Tentunya akan ada tahap kedua, ketiga, dan seterusnya, dalam proses pelaksanaan
hukuman mati ini. Keputusan penolakan grasi tanpa memeriksa secara detail
perubahan-perubahan dan perkembangan terdakwa serta materi kasus tersebut, pada
akhirnya menghasilkan suatu eksekusi yang bermasalah dalam sudut pandang
keadilan.
Hal
ini tentunya mengundang reaksi yang sangat keras dari para aktivis HAM
Indonesia. Adanya penilainan bahwa
hukuman mati bukanlah cara yang tepat untuk menghukum terpidana kasus narkoba
agar dapat menimbulkan efek jera bagi para pengedar narkoba. Sebaliknya, justru
lebih kepada upaya balas dendam dan berpotensi melakukan pelanggaran HAM.

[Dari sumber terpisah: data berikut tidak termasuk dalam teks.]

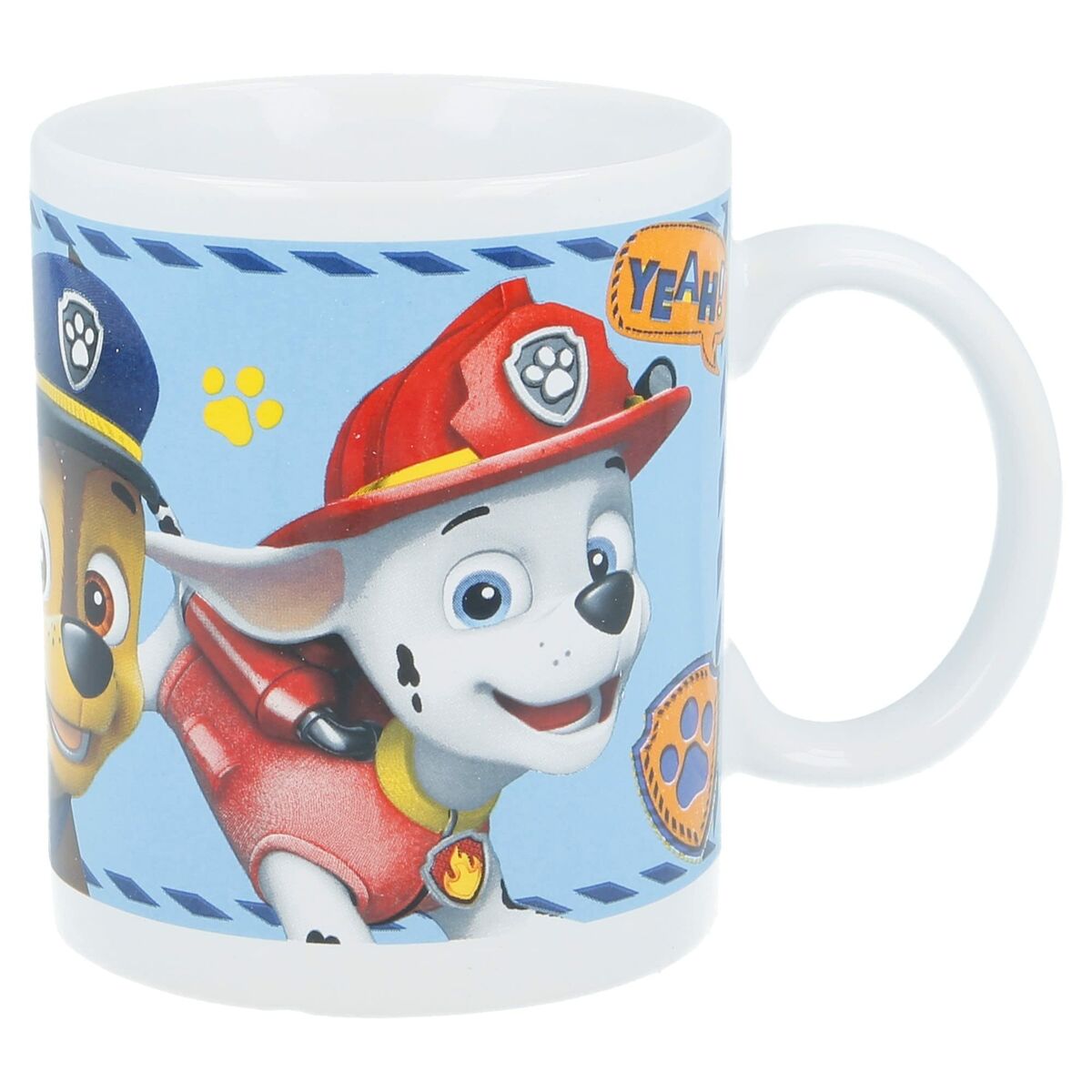 The Paw Patrol Becher Friendship Ceramic Blau (350 ml) – Produktansicht 1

Kedudukan Grasi dalam Hukum Positif
Dalam Undang-Undang Dasar 1945, ketentuan grasi diatur dalam
Bab III tentang Kekuasaan Pemerintah Negara, Pasal 14 Ayat (1) bersamaan dengan
ketentuan mengenai rehabilitasi. Dalam pasal ini disebutkan bahwa “Presiden memberi grasi dan rehabilitasi
dengan memperhatikan pertimbangan Mahkamah Agung.”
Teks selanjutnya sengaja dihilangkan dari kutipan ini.